The 4ft viv came with two digital thermometers (fixed to the outside) a basking lamp, 2 other lights (sorry for my ignorance, I know nothing about them, my son has been doing the research), feeding bowl, water bowl,calci powder and 2 bags of dessert sand. We then had to buy seperatley, (as we were told we needed them), a heat mat, (some other powder beginning with N, sorry I've forgotten what it is) some hoppers (plus something to keep them in, and the powder food and gel stuff for them).

They said to buy two timers, so that the lights and the basking lamp were on for 12 hours a day, and then when they go off, the heat mat should be set to come on for another 12 hours. Are we doing that right?

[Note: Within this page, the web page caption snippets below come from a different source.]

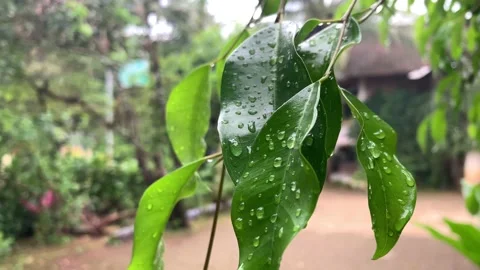 Water Drop On The Leafs Of Banyan Tree. Beauty in nature Stock Footage 152508248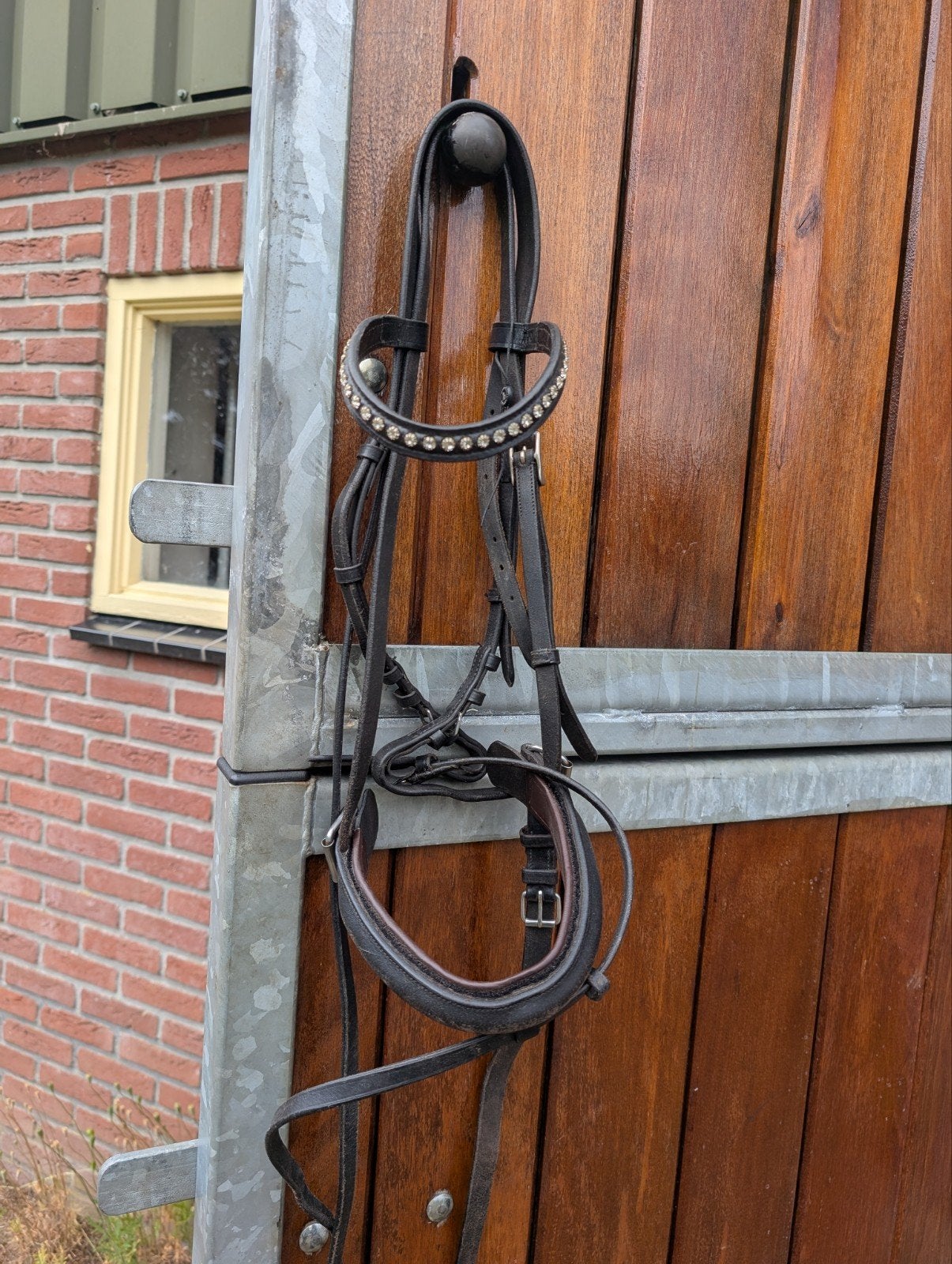 Hoofdstel maat full, Ophalen of Verzenden, Nieuw, Dressuur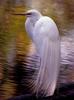 Snowy Egret (Egretta thula)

They have told us the beardie is only about 16 weeks old, and said it was eating "No.4 hoppers" three at a time, therefore said to buy a box of 50!! Since bringing it home, it has not eaten anything (salad or hoppers)......infact, when my son put a hooper in the viv, the beardie just sat there and let it climb on it's head. He only left it in the viv for about 5-10mins and could see that the beardie was not interested at all.
Is this normal? The size of the hoppers seem far too big in my opinion, (my son said when he researched it, it said "do not feed it anything bigger than the distance between it's eyes".........well, this No.4 hopper is definatley bigger than that. 

We are concerned that it is not eating/drinking. My son has been trying to give it drops of water from a syringe. Is this just the "settling-in period"?

Also, is it normal for the beardie to go into the corners of the viv and just scratch the wood (almost as though it's digging)?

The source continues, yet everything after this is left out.